Gianelli's anthology also provides persuasive evidence that between 1965-1987 di Giorgio's individual volumes of prose poems could be considered extensions of one ongoing book. Butterflies, freesias, loquats, shepherds, snails, virgins—these are the familiars of di Giorgio's world, a bucolic landscape that evokes both the nostalgic innocence of childhood and the disturbing thresholds of sexual awareness. Time and again, these themes appear and reappear, in each instance presented in a slightly different shade, as if each poem were the panel of a stained-glass window. If, however, di Giorgio tended to write the same poem again and again, she was nonetheless endlessly inventive within the limits of her procedures. It is a testament to the strength of her imaginative powers that her repetitions do not feel repetitious; in fact, they seem necessary.

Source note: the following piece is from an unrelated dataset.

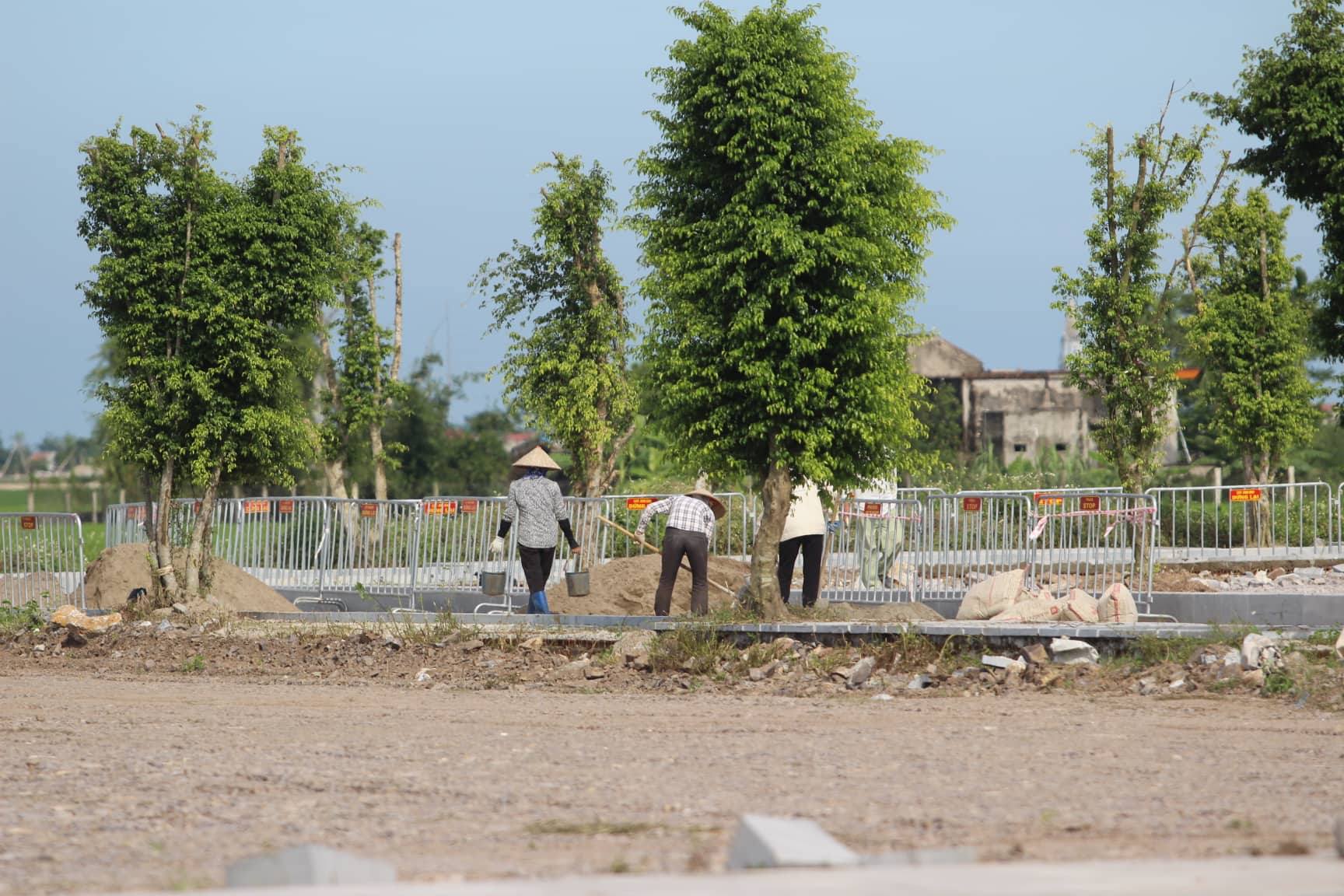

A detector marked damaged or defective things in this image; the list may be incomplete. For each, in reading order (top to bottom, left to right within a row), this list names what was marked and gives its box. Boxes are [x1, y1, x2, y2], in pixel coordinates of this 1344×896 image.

The bulk of the poems in Diadem come from her 1981 volume, The March Hare. At once an allusion to the fictional character of Lewis Carroll's Alice in Wonderland and a reference to the actual wild rabbits that darted through fields of her childhood, the book's title braids two strands of di Giorgio's work, namely earthy celebrations of pastoral Uruguay and semi-surreal moments of magical realism. Consider the following poem:
A butterfly descended to a dark spot; it seemed to have lovely colors; it was hard to tell. The youngest of the girls thought it was a rare doll and wanted it for herself; the other children said, "Beneath the wings there's a man."
I said, "Yes, its body looks like a little man."
But they explained it was a full-sized man. I knelt down and saw. What the children said was true. How could a normal-sized man fit beneath those tiny wings?
We called over a neighbor. He brought tweezers, removed the wings. A tall man stood and walked off.
And all this, which seems almost incredible, later was inexplicably painted on a box.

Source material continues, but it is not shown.